L’éducation doit contribuer, dès le plus jeune âge, à détruire stéréotypes et préjugés, mais nous sommes aujourd’hui encore loin du compte. Aussi, s’il est besoin de légiférer, c’est selon nous essentiellement en ce sens.
Toujours plus de répression ne réglera rien au fléau des violences faites aux femmes ou aux enfants si le problème n’est pas pris dans son ensemble. Or cela ne pourra prendre forme qu’avec la discussion d’un projet de loi-cadre sur le sujet, dessein que nous soutenons depuis un certain nombre d’années avec les associations féministes, notamment le Conseil national pour le droit des femmes.
Enfin, alors qu’une importante réforme de la justice sera discutée – en tout cas nous l’espérons – dès cet automne, j’alerte l’ensemble de nos concitoyens sur cette conception du droit pénal, qu’il s’agirait de modifier sans cesse au gré des faits divers pour aggraver les sanctions, sans tenir compte ni du sens ni de l’échelle des peines. C’est pourquoi les sénatrices et sénateurs du groupe communiste républicain citoyen et écologiste s’abstiendront sur ce texte.
Mme la présidente. La parole est à Mme Dominique Vérien. (Applaudissements sur les travées du groupe Union Centriste.)

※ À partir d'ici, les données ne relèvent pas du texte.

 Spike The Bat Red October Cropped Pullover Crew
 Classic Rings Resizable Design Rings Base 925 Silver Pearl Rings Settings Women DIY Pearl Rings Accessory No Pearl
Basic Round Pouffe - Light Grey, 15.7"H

Mme Dominique Vérien. Madame la présidente, madame la secrétaire d’État, madame la rapporteur, mes chers collègues, depuis maintenant un an, à l’échelon tant international que national, le tabou des violences sexuelles faites aux femmes est tombé, permettant une prise de conscience de l’ensemble de notre société.
Cette prise de conscience est d’ailleurs remontée jusqu’au sommet de l’État, puisque le Président de la République a fait de ce combat une grande cause nationale du quinquennat.

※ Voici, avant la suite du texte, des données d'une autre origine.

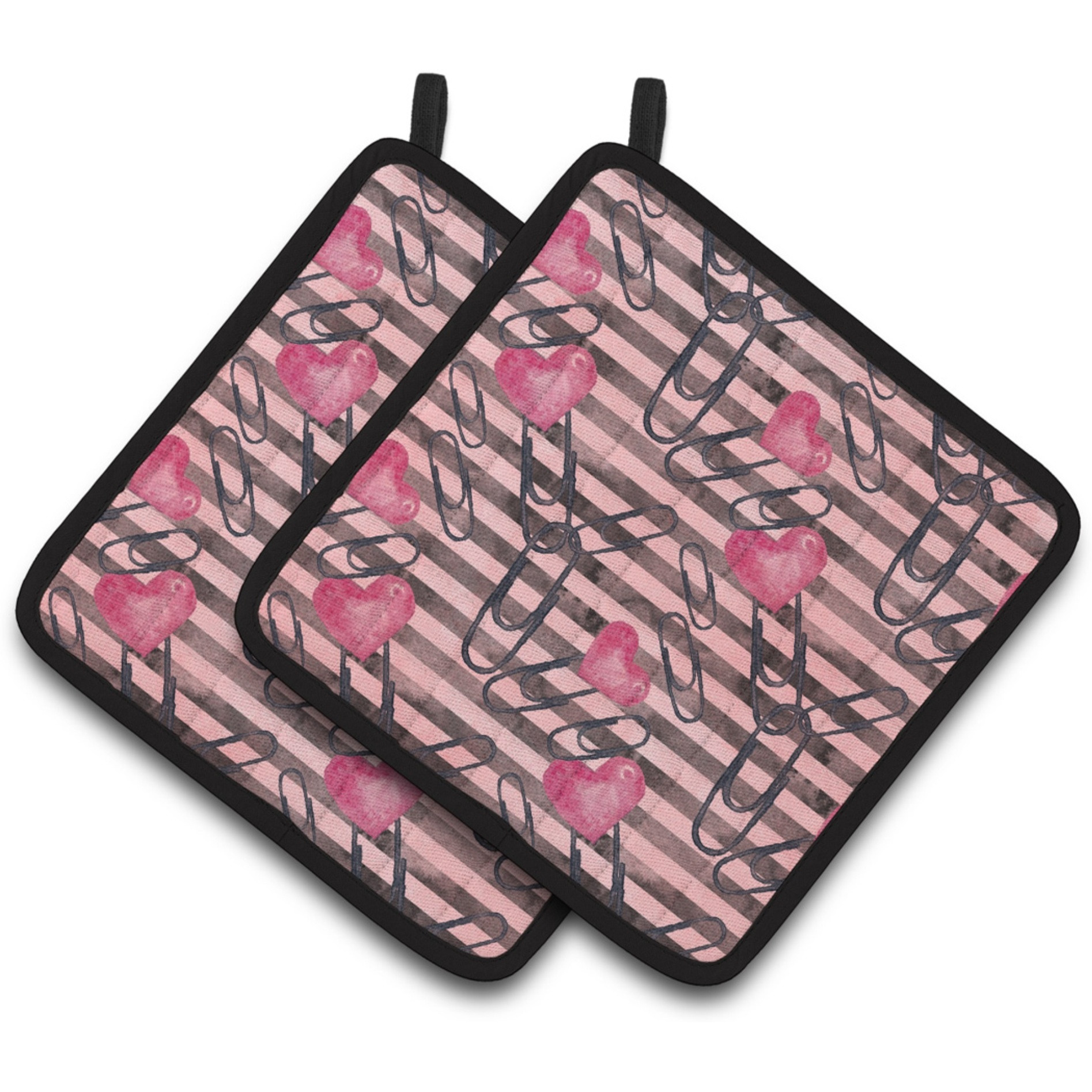 &quotCaroline's Treasures Watercolor Heart Paper Clips Decorated Pot Holder, 7.5"" x 7.5"", Multicolor"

Je me réjouis que la CMP sur le projet de loi renforçant la lutte contre les violences sexuelles et sexistes ait été conclusive. J’aimerais plus particulièrement souligner l’engagement de Mme la rapporteur, Marie Mercier, et du président Philippe Bas, qui avait déjà impulsé ce débat grâce à une proposition de loi adoptée par notre assemblée, à une large majorité, au début de l’année.
Je souhaite également souligner le travail important engagé par la délégation aux droits des femmes, sous l’égide de sa présidente, Annick Billon, et, enfin, saluer votre implication, madame la secrétaire d’État, sur un sujet, qui, je le sais, vous tient à cœur.
Quels sont, après cette commission mixte paritaire, les points importants à retenir ?
À titre personnel, je regrette que la proposition faite par la délégation aux droits des femmes concernant la création d’un crime de pénétration sexuelle sur mineur de moins de treize ans par un adulte n’ait pas été retenue. De même, il est regrettable que l’inversion de la charge de la preuve, proposée par la commission des lois du Sénat, ait été rejetée. Le texte se limite, pour les mineurs de moins de quinze ans, à préciser que la contrainte et la surprise seront caractérisées par l’abus de vulnérabilité de la victime ne disposant pas du discernement nécessaire pour ces actes. C’est déjà ça !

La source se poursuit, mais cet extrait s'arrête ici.